Carlos Blanco-Centurion contributes this report resulting from work done for an abstract at the 2001 Society for Neuroscience meeting: Hypocretin B-Saporin Lesions of the Brainstem Increase REM Sleep at Night CA Blanco- Centurion, RJ Salin-Pascual, D Gerashchenko, MA Greco, PJ Shiromani. Harvard Medical School & UNAM, Mexico City. This abstract won the ATS Abstract Award. Note: HCRT-SAP is also known as orexin-SAP (Cat. #IT-20).
Loss of hypocretin (HCRT, orexin) neurons has been linked to narcolepsy.1 These neurons project widely throughout the brain,2 but it is not known which projection to which target site produces what symptom of narcolepsy. Recently we showed that HCRT receptors are present in brainstem areas implicated in REM sleep.3 Since abnormal triggering of REM sleep characterizes narcolepsy, we have used HCRT-SAP, a targeted toxin that selectively lesions HCRT-2 receptor- bearing cells, to assess the effect on sleep. We also used anti-DBH-SAP to destroy specifically noradrenergic neurons of the locus coeruleus (NA-LC), which are the major brainstem output of HCRT neurons. We knew that hypocretin neurons project to the pons but the goal of this study was to determine which pontine neurons regulate sleep.
Methodology. Rats were implanted with electrodes for polysomnographic recordings. At the same time rats received either a bilateral single microinjection of pyrogen-free saline solution or anti-DBH-SAP (1 mg/mL; vol=80 nL) aimed to the LC nuclei. Afterward, polysomnographic recordings were done across 24 h on the 3rd, 6th, 9th, 12th and 18th days post-injection (12:12h lights on/off). Scoring was made visually on a computer (Icelus software) in 12s epochs for waking, slow wave sleep (SWS) and REM sleep by one technician blind to treatment. ANOVA and t-test with Bonferroni correction (where appropriate) were used to compare changes in sleep parameters. After recordings were done, subjects were sacrificed, brains fixed, removed and sectioned for immunohistochemistry staining for DBH (1:50K). Histochemistry for NADPH was made as well. A blind- treatment technician counted DBH-ir and NADPH+ cells across mesopontine tegmentum in a 1:5 sections protocol.
The experimental protocol was similar to anti-DBH-SAP lesions for HCRT-SAP (100 ng/mL), except it was microinjected lateral to LC and in larger volume (500 nL). In addition to DBH and NADPH labeling, brain sections were immunostained for the specific nuclear protein NeuN to outline the cell loss area. In all cases avidin- biotin-DAB method was used to visualize the antigens.

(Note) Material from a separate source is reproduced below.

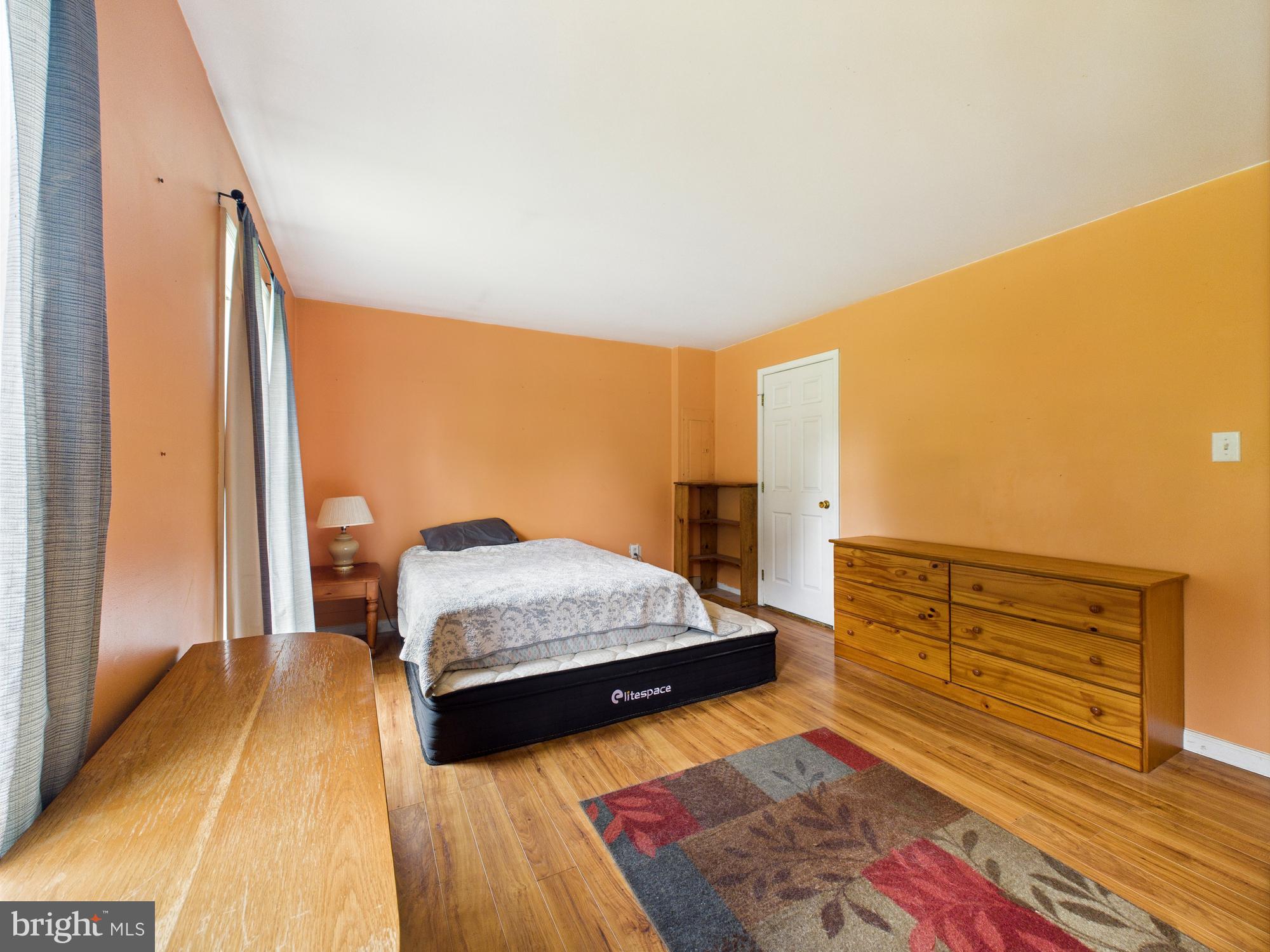 12502 Woodbridge Road Greenwood, DE 19950 - Photo 10 of 38 a bedroom with a bed and wooden floor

Results. Post mortem analysis revealed anti-DBH-SAP destroyed noradrenergic neurons in the LC but spared NADPH+ cells (Figs. 1,2). The anti-DBH-SAP pontine lesions did not affect sleep either during day or night period (Fig. 3). This suggests noradrenergic LC neurons are not important in maintaining wakefulness. In contrast, HCRT-SAP injections into the dorsolateral pons increased significantly both SWS and REM sleep. This effect was only present during the normal rat active period (night), but not so during the rest period. The sleepiness induced by HCRT-SAP pontine lesions is mainly generated by an increase of the sleep drive, that is, an increase in the number of episodes at night (p<0.05). Sleepiness was also associated with a significant reduction in the number of NeuN-ir within the parabrachial complex as well as NADPH+ cells in the LDTg (laterodorsal tegmental). Yet HCRT- SAP did not affect DBH-ir (Figs. 4, 5). Our results suggest both parabrachial and LDTg cholinergic neurons, but not noradrenergic LC neurons, express the hypocretin-2 (orexin B) receptor; anti-DBH-SAP only affects noradrenergic LC neurons. Additionally these HCRT- SAP sensitive neurons in the dorsolateral pons seem to be involved in sustaining waking during the normal active period. As a result, the daytime sleepiness observed in narcoleptic HCRT-deficient subjects could be associated with a lack of excitatory input to parabrachial and LDTg rather than to LC neurons, as has been proposed.
- Nishino S, Ripley B, Overeem S, Lammers GJ, Mignot E (2000) Lancet 355:39-40.
- Peyron C, Tighe DK, Van de Pol AN, de Lecea L, Heller HC, Sutcliffe JG, Kilduff TS (1998) J Neurosci 18:9996-10015.
- Greco MA, Shiromani PJ (2001) Mol Brain Res 88:176-182.
- Gerashchenko D, Kohls MD, Greco M, Waleh NS, Salin-Pascual R, Kilduff TS, Lappi DA, Shiromani PJ (2001) J Neurosci 21:7273-7283.